唐沢夫人は嬉しそうに見つめながら、時枝秋が書き終えた処方箋を受け取った。「今回の薬は、一服を煎じて、毎日二回服用し、三日間続けてください。」
「はい、はい、すぐに薬を調合して煎じさせます。」
時枝秋にはまだ用事があり、立ち去らなければならなかった。
唐沢夫人は彼女を見送りながら、感謝の言葉を繰り返した。
「家主の元へお戻りください。」時枝秋は平静に言った。
唐沢夫人が去った後、万田先生が近づいてきた。「赤司先生、あなたの処方箋を拝見させていただけませんか?」
「唐沢夫人のところにありますから、ご自由にご覧ください。」時枝秋は答えた。
「処方箋はあなたの心血の結晶ですから、やはり許可を得てから見せていただくのが良いかと。」
「構いませんよ、すべてご覧になって結構です。」
万田先生は、彼女がこんなに若いのに度量が大きいことに驚き、言った。「他人に真似されても構わないのですか?」
時枝秋は首を振った。「漢方薬は西洋医学の既製薬とは違います。
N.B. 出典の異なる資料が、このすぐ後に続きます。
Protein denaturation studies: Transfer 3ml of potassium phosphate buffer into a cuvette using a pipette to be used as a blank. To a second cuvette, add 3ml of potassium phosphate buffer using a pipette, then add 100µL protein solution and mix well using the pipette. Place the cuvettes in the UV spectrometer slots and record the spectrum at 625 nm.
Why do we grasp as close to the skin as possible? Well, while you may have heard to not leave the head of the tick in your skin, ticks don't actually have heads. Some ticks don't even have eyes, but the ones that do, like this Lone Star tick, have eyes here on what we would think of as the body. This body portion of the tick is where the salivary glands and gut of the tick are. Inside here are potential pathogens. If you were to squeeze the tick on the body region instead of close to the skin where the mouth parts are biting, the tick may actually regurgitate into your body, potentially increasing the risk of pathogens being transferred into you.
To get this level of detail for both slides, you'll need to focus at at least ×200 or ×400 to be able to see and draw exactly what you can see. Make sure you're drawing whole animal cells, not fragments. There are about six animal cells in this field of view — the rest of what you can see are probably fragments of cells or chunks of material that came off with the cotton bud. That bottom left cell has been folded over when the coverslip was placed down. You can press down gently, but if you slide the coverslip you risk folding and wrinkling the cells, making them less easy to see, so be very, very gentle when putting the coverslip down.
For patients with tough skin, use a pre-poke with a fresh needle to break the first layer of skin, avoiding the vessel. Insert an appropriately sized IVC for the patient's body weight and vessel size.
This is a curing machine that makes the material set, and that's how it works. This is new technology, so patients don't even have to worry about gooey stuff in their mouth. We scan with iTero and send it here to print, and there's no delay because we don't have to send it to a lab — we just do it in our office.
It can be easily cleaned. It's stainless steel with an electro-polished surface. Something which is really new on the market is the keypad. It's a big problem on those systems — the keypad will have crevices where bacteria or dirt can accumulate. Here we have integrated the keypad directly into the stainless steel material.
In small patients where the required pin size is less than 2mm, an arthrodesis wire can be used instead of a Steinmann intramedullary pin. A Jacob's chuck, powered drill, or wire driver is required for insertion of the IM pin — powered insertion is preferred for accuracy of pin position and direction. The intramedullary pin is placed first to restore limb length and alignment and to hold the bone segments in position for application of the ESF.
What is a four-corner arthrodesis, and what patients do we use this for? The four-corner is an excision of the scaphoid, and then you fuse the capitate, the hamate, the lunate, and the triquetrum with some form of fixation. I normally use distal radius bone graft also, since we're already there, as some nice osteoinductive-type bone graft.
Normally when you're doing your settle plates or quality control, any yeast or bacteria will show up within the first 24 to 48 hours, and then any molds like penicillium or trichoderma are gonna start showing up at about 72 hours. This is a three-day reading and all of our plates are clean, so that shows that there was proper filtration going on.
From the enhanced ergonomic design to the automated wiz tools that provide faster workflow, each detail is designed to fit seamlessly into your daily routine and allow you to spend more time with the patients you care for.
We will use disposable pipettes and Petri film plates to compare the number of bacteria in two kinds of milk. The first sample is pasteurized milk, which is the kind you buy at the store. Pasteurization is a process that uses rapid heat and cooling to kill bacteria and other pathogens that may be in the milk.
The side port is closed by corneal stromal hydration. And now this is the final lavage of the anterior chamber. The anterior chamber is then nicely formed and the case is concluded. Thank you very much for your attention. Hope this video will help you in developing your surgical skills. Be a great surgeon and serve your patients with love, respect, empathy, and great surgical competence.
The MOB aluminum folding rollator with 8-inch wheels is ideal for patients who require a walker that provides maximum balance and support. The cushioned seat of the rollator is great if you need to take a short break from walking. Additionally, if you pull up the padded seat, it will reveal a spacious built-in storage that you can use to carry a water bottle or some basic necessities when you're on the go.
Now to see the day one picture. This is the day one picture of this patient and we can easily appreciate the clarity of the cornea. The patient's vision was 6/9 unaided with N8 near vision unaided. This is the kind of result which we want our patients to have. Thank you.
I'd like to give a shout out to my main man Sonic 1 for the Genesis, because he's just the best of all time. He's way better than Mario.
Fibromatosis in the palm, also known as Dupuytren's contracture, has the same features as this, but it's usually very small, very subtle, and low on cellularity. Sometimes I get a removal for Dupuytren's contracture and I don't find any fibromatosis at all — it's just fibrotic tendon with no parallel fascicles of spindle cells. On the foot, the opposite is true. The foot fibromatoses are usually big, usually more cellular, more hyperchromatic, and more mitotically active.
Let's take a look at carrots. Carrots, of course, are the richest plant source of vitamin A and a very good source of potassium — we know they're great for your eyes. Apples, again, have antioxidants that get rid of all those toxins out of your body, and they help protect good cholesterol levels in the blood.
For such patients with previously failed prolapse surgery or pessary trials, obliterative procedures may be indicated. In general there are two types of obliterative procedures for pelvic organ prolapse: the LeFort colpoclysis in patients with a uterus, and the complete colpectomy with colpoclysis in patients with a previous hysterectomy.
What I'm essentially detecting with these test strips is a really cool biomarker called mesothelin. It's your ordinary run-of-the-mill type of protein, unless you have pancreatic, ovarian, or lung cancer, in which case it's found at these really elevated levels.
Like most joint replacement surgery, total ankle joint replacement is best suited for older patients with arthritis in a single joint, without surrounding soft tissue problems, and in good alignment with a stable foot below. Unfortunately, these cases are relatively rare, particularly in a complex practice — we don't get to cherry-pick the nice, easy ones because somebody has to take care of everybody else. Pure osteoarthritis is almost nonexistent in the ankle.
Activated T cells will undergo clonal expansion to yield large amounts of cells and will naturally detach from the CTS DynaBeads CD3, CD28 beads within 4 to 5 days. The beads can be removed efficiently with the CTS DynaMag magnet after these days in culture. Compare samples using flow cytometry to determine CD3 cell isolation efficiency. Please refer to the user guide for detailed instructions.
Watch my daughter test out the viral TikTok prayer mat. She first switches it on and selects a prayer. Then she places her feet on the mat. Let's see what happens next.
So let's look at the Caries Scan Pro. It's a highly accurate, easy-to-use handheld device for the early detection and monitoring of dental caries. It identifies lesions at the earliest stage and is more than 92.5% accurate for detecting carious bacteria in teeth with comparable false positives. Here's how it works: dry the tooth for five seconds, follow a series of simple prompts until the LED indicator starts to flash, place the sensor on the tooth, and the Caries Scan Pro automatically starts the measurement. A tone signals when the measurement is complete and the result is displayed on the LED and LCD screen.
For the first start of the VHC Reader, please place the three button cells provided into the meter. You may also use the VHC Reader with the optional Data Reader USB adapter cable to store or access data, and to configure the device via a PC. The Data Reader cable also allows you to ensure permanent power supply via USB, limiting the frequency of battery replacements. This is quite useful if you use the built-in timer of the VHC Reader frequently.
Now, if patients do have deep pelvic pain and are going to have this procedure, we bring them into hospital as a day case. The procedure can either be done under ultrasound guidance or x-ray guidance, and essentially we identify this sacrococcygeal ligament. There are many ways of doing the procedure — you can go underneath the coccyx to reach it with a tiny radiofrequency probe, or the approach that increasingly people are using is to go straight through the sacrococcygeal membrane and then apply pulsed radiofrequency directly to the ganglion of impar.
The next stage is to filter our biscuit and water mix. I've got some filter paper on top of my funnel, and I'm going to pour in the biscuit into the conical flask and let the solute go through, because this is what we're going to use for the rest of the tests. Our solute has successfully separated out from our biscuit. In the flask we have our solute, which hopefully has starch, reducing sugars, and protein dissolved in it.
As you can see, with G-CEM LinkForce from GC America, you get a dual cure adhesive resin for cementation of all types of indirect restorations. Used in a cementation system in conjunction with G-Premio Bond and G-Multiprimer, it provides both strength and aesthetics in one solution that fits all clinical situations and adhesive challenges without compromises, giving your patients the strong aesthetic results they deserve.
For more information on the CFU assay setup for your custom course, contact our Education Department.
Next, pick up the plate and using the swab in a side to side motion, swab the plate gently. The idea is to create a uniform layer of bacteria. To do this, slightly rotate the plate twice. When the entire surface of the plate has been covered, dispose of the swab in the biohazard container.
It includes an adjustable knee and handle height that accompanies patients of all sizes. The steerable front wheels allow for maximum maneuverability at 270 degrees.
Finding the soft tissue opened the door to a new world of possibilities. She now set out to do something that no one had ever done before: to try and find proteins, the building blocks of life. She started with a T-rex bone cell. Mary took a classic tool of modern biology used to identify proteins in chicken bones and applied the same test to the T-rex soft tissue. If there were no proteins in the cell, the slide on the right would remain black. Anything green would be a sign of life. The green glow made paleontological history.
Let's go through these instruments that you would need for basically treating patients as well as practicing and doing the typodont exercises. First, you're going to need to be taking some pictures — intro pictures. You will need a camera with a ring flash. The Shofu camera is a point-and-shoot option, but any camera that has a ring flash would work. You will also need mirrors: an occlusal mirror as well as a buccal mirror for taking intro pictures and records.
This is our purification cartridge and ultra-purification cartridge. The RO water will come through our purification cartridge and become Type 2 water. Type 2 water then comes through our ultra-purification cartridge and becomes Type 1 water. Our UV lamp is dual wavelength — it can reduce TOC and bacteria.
既製薬は確かに精密で厳密ですが、用量が固定されすぎているため、個人に合わせた変更ができず、効果も当然落ちてしまいます。漢方薬は患者さんの状態や病状の変化に応じて、無数の変化と細かな調整が可能です。一人一処方、一日一処方で、状況に応じて随時調整できるため、病状に対する的確な対応が可能で、効果も自然と高くなります。別の患者さんにこの処方箋を使っても、同じような効果は期待できないでしょう。」
万田先生はこの時になって、初めて彼女に心から感服した。
時枝秋は彼をそれ以上見ることなく、車に乗り込んだ。
陸田は彼女を堀口楓との待ち合わせ場所まで送った。
約束の時間は七時だったが、時枝秋は少し早く着いてしまった。まだ五時半だった。
もう少し待とうと思っていたところ、車が止まると、陸田が声をかけた。「時枝さん、あそこにいるのは堀口楓さんではありませんか?」
時枝秋が見ると、堀口楓とマネージャーが傍らに立って、誰かを待っているようだった。
時枝秋は既に普段着に着替えており、車を降りて堀口楓の方へ歩いていった。
「時枝秋!」堀口楓は嬉しそうに声を上げた。「こんなに早く来てくれたの?」
「あなたも早く来ていたのね?」時枝秋はマスクを外しながら言った。